Some argue that the biggest questions in evolution have remained the same since the field was established. Although there is some truth to this, there has been tremendous progress in the past decade or so towards answering these fundamental questions and applying the resulting understanding to diverse areas. Such progress has been driven in large part by technological developments that have enabled the generation of omics data for almost any species, combined with new analytical methods. Here, we highlight a few topics that showcase exciting developments.

One long-standing question in evolution is how individuals adapt to their environment. Answering this complex question entails understanding the genetic and evolutionary mechanisms that underlie ecologically relevant traits. The integration of genome sequencing data from several individuals of the same or related species with advances in population genetics methods has revealed interesting trends. Studies on a variety of taxa have shown that hybridization and introgression have important roles in adaptation — for example, in establishing mimetic wing patterns in Heliconius butterflies1 or adaptation to desert life in North African foxes2. Similarly, chromosomal rearrangements such as inversions can contribute to ecologically relevant traits, as shown, for example, in sunflowers3, Atlantic cod4 and zokors5. Although genomic approaches have been used to identify genes (or even mutations) linked to ecologically relevant phenotypes, such as pigmentation in rock pocket mice, peppered moths and monkey flowers, or skeletal traits in sticklebacks6, we also know that the regulation of gene expression frequently contributes to adaptation and divergence7.

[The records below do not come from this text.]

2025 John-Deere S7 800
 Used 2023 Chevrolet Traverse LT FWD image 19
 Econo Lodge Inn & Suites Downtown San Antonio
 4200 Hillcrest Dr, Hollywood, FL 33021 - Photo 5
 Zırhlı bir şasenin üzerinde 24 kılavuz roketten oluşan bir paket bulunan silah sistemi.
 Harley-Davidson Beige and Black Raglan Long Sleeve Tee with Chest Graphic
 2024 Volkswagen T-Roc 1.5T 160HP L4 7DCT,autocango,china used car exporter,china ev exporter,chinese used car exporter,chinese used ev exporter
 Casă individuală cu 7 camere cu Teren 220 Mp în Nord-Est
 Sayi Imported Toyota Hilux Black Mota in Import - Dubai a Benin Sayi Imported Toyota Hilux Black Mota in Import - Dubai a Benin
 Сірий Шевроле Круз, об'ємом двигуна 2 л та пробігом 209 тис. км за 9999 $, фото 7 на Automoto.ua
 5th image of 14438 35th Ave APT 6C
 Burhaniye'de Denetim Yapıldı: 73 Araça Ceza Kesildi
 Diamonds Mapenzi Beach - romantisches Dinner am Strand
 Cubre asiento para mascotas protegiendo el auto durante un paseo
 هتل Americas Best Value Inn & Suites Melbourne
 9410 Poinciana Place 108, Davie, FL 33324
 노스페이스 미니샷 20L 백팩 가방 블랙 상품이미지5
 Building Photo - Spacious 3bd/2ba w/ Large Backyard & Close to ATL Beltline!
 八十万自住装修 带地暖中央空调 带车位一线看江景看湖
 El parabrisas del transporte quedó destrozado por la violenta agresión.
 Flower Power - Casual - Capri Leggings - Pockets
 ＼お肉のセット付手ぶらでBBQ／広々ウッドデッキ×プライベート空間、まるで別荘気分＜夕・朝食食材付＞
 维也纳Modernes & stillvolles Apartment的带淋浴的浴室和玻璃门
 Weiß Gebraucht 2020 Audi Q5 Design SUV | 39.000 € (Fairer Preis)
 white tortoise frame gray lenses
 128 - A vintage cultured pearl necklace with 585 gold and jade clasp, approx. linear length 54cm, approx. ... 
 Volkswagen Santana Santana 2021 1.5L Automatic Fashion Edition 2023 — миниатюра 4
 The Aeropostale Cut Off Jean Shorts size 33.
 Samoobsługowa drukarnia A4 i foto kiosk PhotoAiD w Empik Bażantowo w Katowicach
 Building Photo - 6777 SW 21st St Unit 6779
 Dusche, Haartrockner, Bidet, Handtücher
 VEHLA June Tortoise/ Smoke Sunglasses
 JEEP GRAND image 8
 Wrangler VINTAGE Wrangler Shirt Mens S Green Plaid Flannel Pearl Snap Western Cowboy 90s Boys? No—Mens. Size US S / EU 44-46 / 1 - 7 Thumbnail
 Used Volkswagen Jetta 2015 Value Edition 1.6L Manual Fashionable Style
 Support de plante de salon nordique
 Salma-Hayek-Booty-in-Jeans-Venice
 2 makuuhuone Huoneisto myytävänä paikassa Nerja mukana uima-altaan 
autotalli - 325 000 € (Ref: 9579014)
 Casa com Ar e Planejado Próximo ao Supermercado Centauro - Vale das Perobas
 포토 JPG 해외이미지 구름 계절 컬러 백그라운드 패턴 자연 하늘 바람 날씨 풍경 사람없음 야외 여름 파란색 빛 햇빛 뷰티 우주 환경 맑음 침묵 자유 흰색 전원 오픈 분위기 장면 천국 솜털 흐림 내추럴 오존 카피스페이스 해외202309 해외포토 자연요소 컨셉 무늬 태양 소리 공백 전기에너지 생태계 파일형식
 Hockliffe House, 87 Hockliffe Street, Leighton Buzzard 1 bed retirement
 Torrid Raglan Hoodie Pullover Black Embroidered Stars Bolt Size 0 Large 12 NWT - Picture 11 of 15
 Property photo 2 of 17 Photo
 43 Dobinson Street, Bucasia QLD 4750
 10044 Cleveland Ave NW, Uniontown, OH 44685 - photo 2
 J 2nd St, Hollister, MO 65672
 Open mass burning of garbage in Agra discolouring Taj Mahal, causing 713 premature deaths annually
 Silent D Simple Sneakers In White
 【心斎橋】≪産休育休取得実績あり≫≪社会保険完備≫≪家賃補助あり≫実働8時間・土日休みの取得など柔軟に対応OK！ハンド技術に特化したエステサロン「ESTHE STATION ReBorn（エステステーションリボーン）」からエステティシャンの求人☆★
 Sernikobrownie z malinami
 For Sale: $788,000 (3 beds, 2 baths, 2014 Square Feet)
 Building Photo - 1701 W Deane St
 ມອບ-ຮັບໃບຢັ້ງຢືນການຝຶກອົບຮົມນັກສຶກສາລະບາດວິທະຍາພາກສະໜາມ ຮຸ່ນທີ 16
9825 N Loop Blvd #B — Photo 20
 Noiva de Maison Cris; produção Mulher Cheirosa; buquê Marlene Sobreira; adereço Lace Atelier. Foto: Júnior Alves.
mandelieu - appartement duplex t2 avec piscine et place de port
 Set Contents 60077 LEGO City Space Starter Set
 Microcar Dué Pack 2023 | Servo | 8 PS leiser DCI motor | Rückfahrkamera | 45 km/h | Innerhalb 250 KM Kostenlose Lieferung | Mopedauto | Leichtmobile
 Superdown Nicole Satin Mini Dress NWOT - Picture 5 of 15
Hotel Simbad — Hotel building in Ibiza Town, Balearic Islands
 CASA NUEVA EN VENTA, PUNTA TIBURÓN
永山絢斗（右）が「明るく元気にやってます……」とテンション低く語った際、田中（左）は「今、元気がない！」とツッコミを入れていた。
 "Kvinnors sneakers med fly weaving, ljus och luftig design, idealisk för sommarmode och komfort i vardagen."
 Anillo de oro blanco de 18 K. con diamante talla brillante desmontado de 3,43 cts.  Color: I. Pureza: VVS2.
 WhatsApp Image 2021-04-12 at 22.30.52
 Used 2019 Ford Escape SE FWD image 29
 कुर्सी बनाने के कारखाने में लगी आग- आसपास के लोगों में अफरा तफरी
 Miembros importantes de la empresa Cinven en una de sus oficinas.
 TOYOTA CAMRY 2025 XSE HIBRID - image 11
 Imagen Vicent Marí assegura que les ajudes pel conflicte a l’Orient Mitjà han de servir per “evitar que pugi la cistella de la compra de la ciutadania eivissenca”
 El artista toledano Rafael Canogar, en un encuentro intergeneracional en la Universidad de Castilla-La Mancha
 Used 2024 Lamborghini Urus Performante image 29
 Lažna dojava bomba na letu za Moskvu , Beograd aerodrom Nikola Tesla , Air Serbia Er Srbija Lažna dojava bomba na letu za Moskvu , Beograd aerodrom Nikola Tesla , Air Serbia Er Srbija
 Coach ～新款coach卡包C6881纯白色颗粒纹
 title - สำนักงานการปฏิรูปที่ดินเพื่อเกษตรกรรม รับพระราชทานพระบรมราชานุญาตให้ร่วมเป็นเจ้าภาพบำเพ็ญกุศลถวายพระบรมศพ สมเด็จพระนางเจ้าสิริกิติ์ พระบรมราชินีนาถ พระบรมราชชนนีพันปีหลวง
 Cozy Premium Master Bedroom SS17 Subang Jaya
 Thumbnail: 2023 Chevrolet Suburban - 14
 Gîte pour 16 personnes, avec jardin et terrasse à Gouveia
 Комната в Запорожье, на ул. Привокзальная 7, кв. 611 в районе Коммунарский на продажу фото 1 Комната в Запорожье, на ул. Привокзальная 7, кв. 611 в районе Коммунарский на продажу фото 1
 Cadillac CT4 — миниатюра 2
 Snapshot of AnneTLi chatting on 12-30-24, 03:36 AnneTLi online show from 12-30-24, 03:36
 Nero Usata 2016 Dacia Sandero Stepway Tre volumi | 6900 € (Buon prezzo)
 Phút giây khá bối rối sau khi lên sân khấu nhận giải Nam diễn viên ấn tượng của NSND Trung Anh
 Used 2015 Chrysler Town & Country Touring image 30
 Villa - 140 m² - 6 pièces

On a macroevolutionary scale, evolutionary biologists have long strived to understand why some clades are so much more diverse than others. Recently developed comparative methods anchored in phylogenomics have been revealing the long-term dynamics of biodiversity. Examples include how speciation, extinction and dispersal contribute to species radiations in tropical tetrapods8; how ecomorphological diversification affects long-term diversity of lizards and snakes9; and how morphological evolution and speciation rates are positively associated at broad macroevolutionary scales across vertebrates10.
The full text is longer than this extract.